TASK GOAL: Only the lines from the one that contains "ELLIPS Hair Vitamin" to the last line below, both included, should be transcribed. Pictures stay out of the copy.

Image-text web data

<<<<

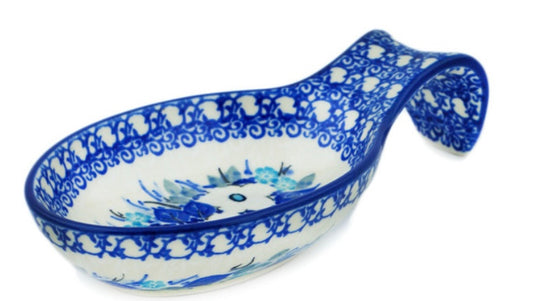 Ceramika Artystyczna Polish Pottery, Unikat U5050, Delicate Magnolia, Spoon Rest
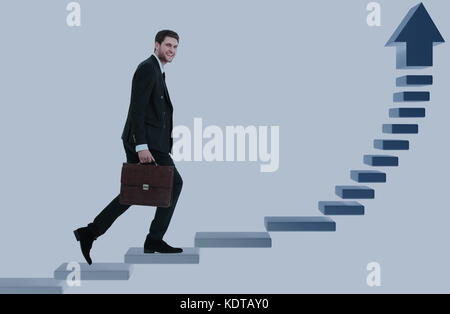 Businessman dans l'escalier sur fond blanc. prêt pour votre conception Banque D'Images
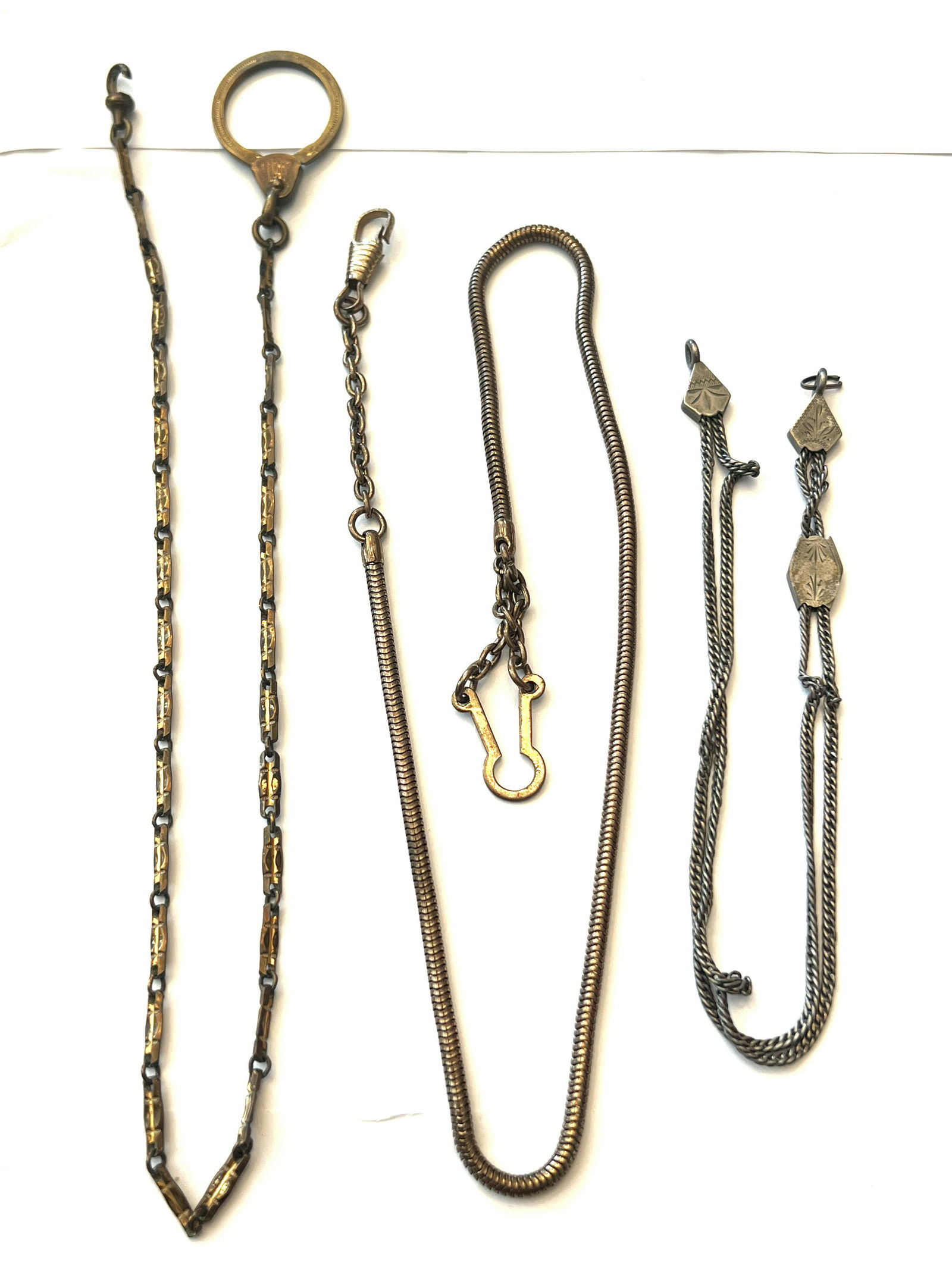 ESTATE LOT OF (3) VICTORIAN GOLD FILLED POCKET WATCH CHAINS (1 of 4)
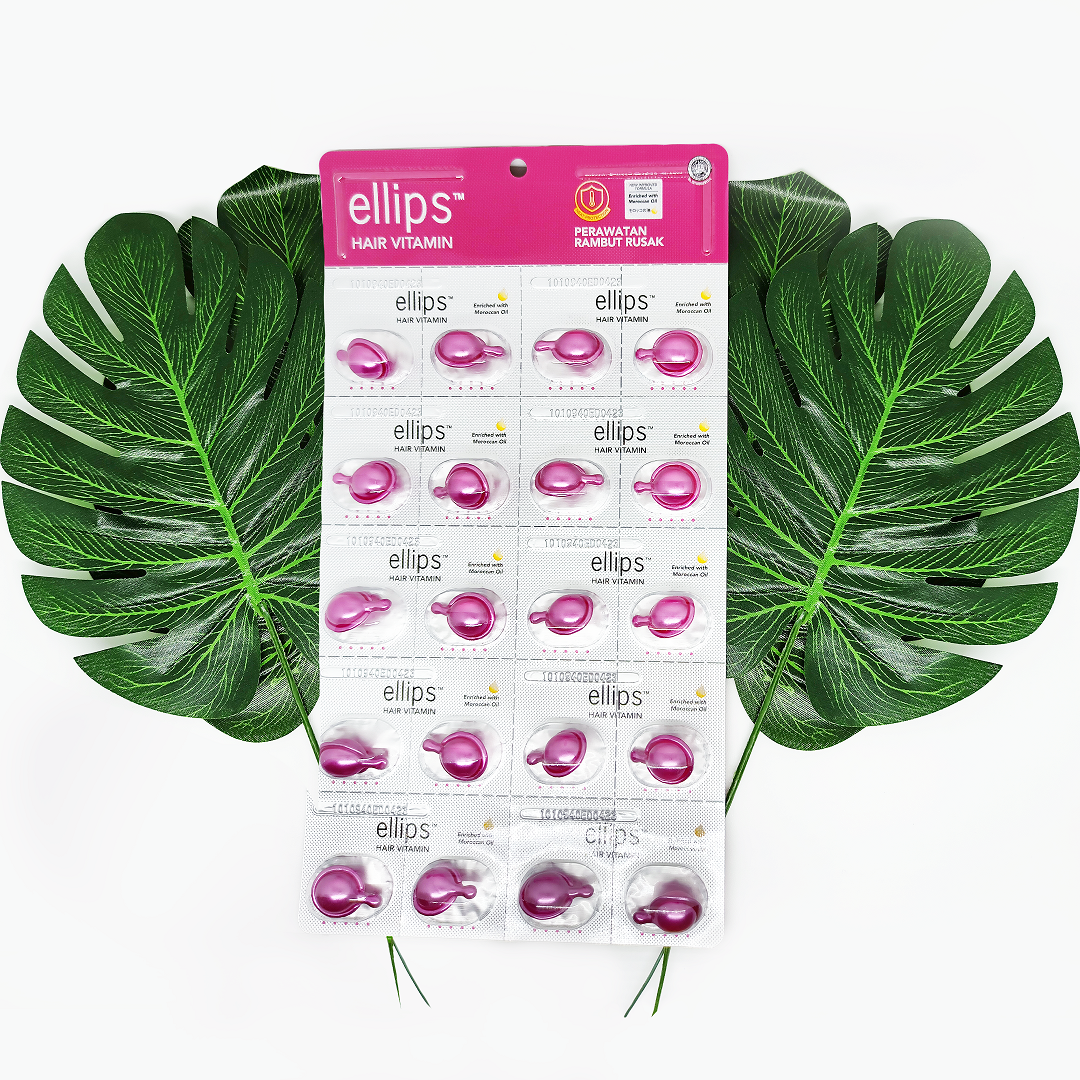 ELLIPS Hair Vitamin Pink - Perawatan Rambut Rusak (20 Capsules)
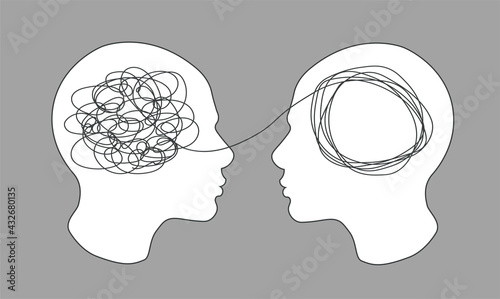 Psychotherapy concept. Abstract metaphor of problem solving or difficult situation. Tangle tangled and unraveled in people head. Simplification streamlining process. Vector illustration isolated.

>>>>

PROBLEM SOLUTION:
 ELLIPS Hair Vitamin Pink - Perawatan Rambut Rusak (20 Capsules)
 Psychotherapy concept. Abstract metaphor of problem solving or difficult situation. Tangle tangled and unraveled in people head. Simplification streamlining process. Vector illustration isolated.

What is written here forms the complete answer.